In practice the color space of Photo CD images varies significantly from Rec. 709. Firstly, the Photo CD encoding scheme allows greater than 100% values for color components, thus allowing Photo CD images to display colors outside of the nominal Rec. 709 gamut. In addition, in order to achieve accurate color reproduction, especially when scanning reversal film, Kodak found it necessary to provide ICC color profiles specific to film type and scanner. As a result, by the time that the Photo CD format fell into disuse, five different color spaces were in common use in Photo CD images (PCD 4050 is a Kodak scanner model number):
- Color Negative
- Universal E-6
- Universal K-14
- PCD 4050 E-6
- PCD 4050 K-14
Thus, while the use of the generic Photo CD color space will provide color reproduction that is acceptable for many purposes e.g., Web viewing of thumbnail images, in order to achieve fully accurate color reproduction, e.g., for photographic purposes, any Photo CD display or conversion software must use the correct color profile for the combination of the original media and scanner model.

==Converting Photo CD images==
For practical use, any Photo CD images will have to be converted to a modern format such as JPEG, TIFF or DNG. While there are a large number of image conversion programs available, both commercial and freeware or open source, most are capable of only basic, low resolution (often only to Base resolution, 512x768) conversions. The main distinguishing features between programs as regards Photo CD capabilities are:
- The ability to convert images at maximum resolution, ideally up to the 64Base (4096x6144) level.
- Correct highlight handling. Blown or clipped highlights are a common problem with many Photo CD conversion packages. Once a highlight is clipped by a conversion program, the information cannot be recovered by later manipulation. Many Windows based software packages partially correct for the highlight problem by using a “hacked” DLL created by Ted Felix.

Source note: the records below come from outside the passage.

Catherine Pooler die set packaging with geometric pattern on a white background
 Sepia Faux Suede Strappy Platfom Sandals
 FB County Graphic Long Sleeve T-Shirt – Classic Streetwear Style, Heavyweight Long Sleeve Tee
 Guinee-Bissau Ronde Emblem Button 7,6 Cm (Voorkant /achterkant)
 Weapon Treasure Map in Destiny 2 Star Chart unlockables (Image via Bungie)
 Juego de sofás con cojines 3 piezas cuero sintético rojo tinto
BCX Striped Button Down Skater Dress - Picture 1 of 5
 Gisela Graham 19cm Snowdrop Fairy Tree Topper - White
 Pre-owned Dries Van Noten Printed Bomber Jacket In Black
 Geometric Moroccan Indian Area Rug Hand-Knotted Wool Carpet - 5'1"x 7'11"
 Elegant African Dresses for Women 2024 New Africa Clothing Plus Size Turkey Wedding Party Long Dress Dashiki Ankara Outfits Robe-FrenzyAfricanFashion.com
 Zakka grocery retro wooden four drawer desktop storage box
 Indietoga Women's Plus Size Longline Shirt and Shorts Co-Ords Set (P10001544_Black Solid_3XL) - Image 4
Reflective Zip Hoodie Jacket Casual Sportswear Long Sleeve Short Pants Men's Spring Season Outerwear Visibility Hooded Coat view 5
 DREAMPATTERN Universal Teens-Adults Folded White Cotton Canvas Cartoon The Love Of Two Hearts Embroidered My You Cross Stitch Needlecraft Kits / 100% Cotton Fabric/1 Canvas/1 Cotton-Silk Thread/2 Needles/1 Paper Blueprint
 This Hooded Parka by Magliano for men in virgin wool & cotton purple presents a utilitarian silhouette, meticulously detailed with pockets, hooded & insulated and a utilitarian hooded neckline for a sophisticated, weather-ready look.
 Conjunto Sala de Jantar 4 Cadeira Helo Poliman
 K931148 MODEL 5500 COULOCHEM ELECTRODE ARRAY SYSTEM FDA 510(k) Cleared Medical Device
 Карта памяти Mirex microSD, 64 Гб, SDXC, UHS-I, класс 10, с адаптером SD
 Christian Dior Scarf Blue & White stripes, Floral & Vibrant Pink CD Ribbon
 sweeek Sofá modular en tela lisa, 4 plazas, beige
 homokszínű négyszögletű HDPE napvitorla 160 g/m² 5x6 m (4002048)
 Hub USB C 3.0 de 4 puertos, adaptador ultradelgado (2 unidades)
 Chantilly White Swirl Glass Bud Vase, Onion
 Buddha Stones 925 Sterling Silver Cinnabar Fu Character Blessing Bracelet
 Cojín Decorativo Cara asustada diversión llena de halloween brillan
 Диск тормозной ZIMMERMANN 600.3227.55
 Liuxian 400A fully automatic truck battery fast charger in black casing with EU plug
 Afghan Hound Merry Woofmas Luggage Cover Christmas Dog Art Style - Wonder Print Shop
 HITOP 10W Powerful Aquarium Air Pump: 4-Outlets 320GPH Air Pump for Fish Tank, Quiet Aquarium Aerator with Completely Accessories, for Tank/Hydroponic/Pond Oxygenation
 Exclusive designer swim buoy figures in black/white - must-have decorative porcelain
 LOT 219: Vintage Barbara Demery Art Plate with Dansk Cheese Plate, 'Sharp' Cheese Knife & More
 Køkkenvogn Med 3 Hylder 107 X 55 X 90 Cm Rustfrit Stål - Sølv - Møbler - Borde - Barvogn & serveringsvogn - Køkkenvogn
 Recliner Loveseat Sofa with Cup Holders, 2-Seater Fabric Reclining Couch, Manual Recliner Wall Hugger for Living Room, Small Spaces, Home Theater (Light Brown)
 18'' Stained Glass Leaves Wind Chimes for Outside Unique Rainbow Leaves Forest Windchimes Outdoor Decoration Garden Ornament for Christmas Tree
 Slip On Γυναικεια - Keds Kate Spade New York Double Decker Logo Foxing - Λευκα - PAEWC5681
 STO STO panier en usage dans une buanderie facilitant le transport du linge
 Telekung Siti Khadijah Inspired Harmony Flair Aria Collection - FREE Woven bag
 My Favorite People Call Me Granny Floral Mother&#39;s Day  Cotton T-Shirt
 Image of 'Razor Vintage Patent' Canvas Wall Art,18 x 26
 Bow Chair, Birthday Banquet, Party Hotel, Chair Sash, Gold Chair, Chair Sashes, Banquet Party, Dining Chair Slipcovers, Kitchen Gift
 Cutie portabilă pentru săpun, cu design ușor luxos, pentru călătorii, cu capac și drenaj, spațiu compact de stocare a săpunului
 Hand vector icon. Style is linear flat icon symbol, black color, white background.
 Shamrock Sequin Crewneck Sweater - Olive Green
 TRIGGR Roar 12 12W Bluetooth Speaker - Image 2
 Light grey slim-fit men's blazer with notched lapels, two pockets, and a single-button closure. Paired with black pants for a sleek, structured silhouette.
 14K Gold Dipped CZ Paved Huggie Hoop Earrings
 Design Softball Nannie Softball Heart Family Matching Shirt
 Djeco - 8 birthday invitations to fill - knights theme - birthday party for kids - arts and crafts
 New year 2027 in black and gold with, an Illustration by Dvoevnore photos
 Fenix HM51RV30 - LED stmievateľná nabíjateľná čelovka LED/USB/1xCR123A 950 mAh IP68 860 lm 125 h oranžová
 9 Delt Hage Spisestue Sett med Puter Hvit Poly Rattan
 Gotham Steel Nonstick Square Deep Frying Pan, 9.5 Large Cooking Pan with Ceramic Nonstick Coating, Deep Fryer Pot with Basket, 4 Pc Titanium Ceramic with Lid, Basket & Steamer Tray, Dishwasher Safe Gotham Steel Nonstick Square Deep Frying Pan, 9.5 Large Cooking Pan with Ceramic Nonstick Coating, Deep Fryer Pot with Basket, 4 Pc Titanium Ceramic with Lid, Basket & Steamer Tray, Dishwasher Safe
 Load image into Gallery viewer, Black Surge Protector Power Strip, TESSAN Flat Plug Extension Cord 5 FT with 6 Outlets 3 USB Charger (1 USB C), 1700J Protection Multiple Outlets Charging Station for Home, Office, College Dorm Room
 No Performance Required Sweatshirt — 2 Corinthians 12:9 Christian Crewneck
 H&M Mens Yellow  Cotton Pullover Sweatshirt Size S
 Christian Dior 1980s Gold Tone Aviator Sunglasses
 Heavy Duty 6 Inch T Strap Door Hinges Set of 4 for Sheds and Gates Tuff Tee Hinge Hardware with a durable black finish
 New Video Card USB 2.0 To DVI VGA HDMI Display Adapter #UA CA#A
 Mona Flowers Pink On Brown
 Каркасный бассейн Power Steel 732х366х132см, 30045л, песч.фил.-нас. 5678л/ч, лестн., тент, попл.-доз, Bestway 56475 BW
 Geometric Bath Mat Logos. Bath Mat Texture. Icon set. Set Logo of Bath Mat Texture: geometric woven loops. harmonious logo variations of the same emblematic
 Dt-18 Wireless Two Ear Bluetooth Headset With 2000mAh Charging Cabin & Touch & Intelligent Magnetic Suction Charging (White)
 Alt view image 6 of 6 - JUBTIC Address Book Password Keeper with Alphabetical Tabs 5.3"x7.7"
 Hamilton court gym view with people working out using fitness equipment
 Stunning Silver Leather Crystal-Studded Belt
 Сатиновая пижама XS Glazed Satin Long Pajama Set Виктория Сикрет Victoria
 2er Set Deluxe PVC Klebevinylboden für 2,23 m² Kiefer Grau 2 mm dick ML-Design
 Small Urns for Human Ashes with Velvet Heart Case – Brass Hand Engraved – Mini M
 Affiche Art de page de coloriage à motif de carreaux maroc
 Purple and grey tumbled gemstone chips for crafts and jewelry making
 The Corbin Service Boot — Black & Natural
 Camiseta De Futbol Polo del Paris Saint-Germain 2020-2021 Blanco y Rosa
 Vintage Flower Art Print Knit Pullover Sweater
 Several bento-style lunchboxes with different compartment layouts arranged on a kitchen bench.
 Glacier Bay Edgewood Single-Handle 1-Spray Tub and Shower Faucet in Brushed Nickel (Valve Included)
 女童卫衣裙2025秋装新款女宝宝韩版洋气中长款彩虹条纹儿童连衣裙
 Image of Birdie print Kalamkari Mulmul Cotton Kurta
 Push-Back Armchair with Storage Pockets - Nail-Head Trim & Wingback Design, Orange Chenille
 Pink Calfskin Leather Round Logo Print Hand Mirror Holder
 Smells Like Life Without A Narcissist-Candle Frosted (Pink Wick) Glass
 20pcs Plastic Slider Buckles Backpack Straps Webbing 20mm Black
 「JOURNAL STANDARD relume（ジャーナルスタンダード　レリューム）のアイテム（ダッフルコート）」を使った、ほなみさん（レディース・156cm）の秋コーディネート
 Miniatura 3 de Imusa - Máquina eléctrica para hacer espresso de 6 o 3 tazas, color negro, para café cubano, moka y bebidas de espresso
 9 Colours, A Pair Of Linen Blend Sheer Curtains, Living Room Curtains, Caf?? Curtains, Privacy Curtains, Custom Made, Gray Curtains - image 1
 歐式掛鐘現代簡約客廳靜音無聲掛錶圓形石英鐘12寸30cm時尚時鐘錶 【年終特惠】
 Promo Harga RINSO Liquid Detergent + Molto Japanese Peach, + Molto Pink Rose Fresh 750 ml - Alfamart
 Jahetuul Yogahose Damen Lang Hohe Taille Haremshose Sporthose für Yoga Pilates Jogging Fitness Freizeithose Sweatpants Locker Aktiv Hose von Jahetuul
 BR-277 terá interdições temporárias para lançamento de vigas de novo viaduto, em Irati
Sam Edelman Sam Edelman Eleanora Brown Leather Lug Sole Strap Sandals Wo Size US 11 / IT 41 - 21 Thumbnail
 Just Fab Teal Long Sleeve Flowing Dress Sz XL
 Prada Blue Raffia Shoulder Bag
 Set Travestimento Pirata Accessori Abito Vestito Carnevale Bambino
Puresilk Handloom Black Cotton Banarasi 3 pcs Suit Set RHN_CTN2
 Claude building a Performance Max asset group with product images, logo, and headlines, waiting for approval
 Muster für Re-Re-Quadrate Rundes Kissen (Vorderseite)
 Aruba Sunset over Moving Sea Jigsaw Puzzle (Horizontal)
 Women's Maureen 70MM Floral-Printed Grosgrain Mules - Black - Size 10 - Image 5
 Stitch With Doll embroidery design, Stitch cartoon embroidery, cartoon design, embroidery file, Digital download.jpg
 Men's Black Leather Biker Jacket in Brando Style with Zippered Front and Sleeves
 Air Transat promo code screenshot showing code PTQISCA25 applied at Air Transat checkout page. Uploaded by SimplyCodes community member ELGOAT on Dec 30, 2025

- The use of scanner and film type specific ICC color profiles. Unless such profiles are used, the color reproduction of the image will be incorrect, often, especially for reversal (slide) films, very noticeably so.
- Extracting metadata. Metadata is information such as the date that the scan was performed, the model number of the scanner, and film type. This information is not only useful to the user, but is also critical in selecting the appropriate color profile, as these vary by film type and scanner.